# [INFORMATION SHOWN]

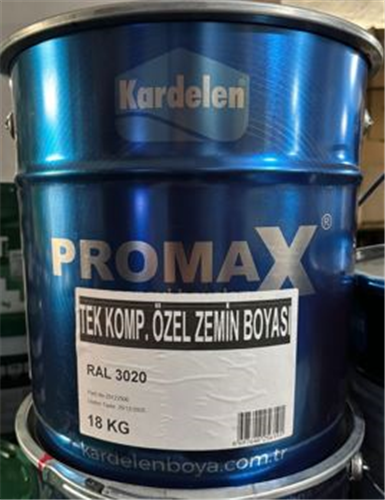 KARDELEN ÖZEL ZEMİN BOYASI SİNYAL SARI 18 KG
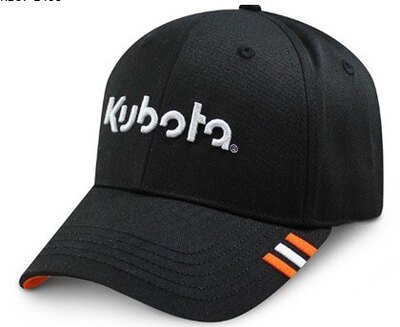 KUBOTA BLACK/ORANGE SNAP CAP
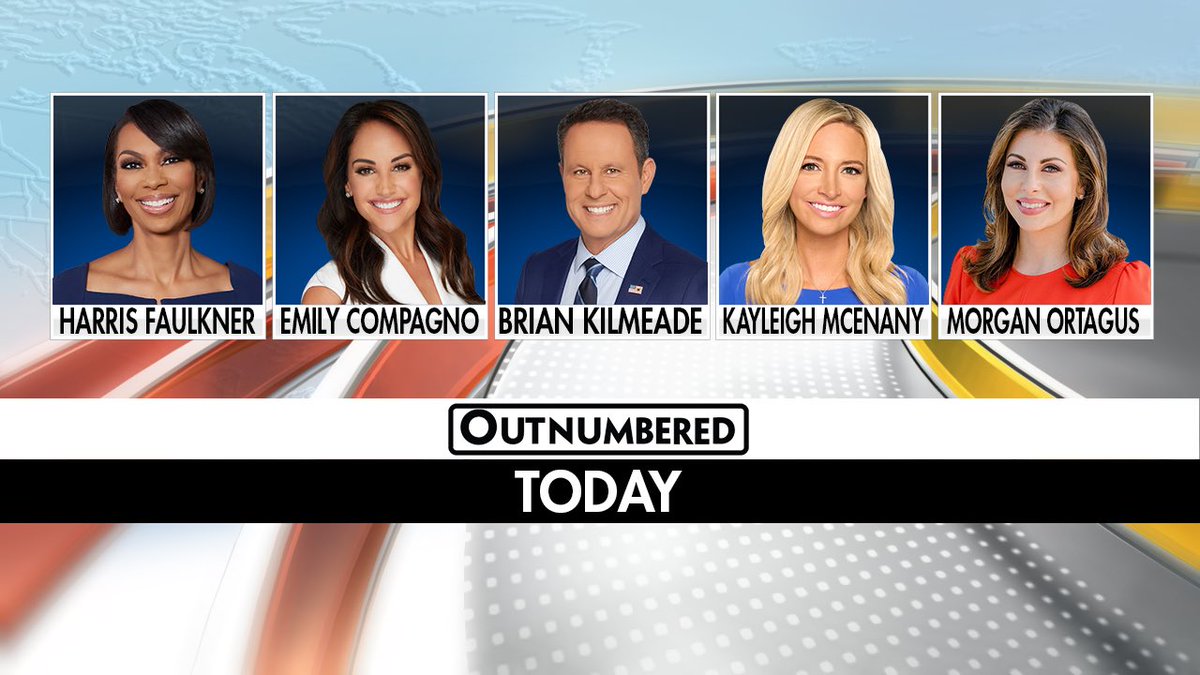 Coming up at 12pm EST on OUTNUMBERED: @HARRISFAULKNER @EmilyCompagno @kayleighmcenany @MorganOrtagus & @kilmeade! #outnumbered #foxnews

# [PROBLEM DETAILS]
Would you set down each line of the data exactly, with no images included?

# [SOLUTION FOR THIS EXERCISE]
 KARDELEN ÖZEL ZEMİN BOYASI SİNYAL SARI 18 KG
 KUBOTA BLACK/ORANGE SNAP CAP
 Coming up at 12pm EST on OUTNUMBERED: @HARRISFAULKNER @EmilyCompagno @kayleighmcenany @MorganOrtagus & @kilmeade! #outnumbered #foxnews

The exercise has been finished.